If I suddenly was diagnosed with a terminal cancer, there wouldn’t be anything I could do about that. With addiction, there are definitely things I can do. When we see ourselves as powerless, we can close ourselves off from the latest evidence-based therapies and counseling methods, as well as powerful self counseling techniques.
This doesn’t mean that anyone who decides they are powerful should be able to drink casually. For many, ongoing recovery includes abstinence. But adopting a mantra where I self-identify as an addict, or as a powerless individual, is called a negative affirmation. What we need instead are empowering, positive affirmations.
The fact is, we are powerful. There are many things I can do. Substance abuse doesn’t happen because of genetics alone, it happens because of underlying issues such as anxiety, depression, trauma, and pain. And by dealing with these underlying issues, we can take control and beat addiction.
Finding the Right Approach
Patients struggling with addiction all need to be given compassionate support, and be empowered to take control of their lives. But beyond that, the approach to treating addiction should always be to address the underlying mental and emotional issues. This varies for each individual and is essential for long term recovery.
For example, some mood disorders (such as anxiety, depression, and self-loathing) and trauma can be treated with counseling. For other underlying issues, counseling isn’t enough by itself. Bipolar and schizophrenia are often causes of substance abuse, and both require a treatment plan that includes medication as well as counseling.
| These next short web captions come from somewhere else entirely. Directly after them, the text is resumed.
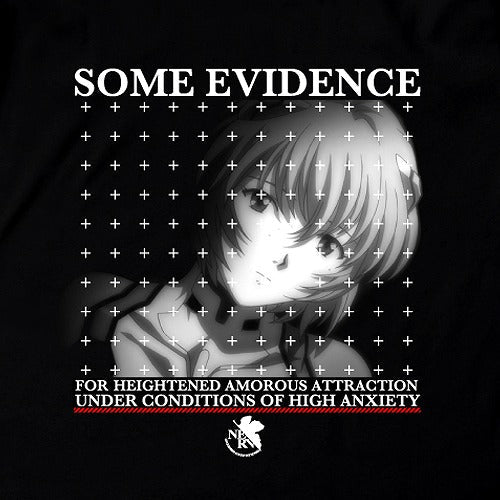 EVANGELION 新劇場版レイTシャツ BLACK L 【01/24頃入荷】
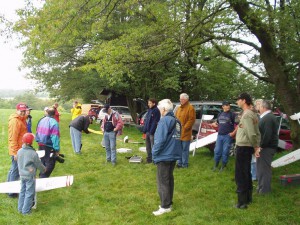 2005 - 3. Klubcup Zeitfliegen - Pilotenbesprechung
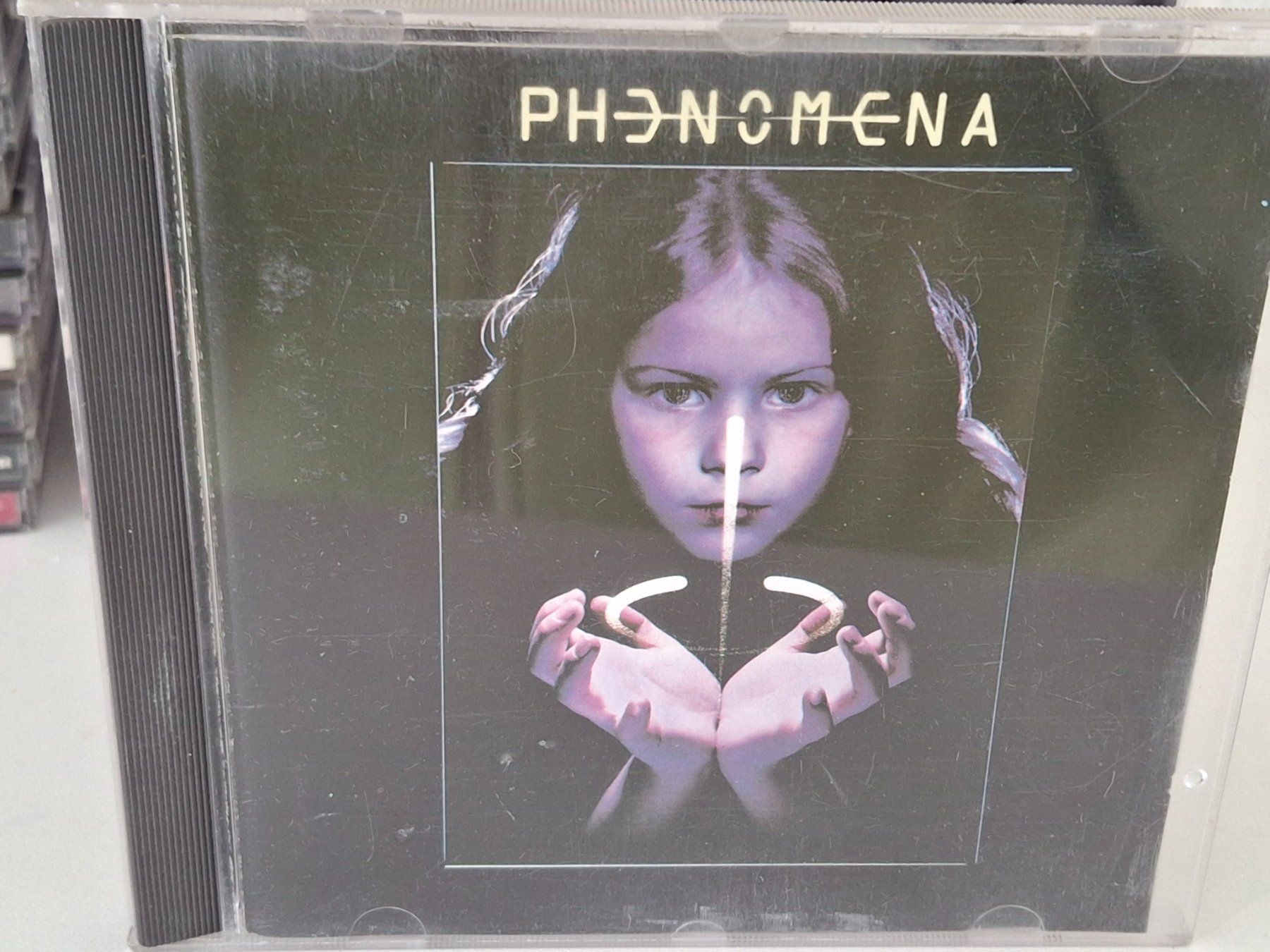 CD: CD Phenomena - Seltenes Album von 1985 - – Usato da Aarberg venduto da Jackup1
Medication provides a safer and more effective means of dealing with the symptoms, while counseling helps you build effective coping tools.
In the past couple decades, the field of neuroscience has widely expanded our understanding of how addiction works in the brain. And it turns out, there is a lot that we can do to reprogram the addicted brain. Read more on that here.
In the end, the most important question isn’t “is addiction a disease?” Rather, it’s, “why do I use and what can I do to treat not just the physical, but also the mental, emotional, and spiritual issues that underlie the behavior?”
To do this, we must remain committed to personalized, compassion-based care.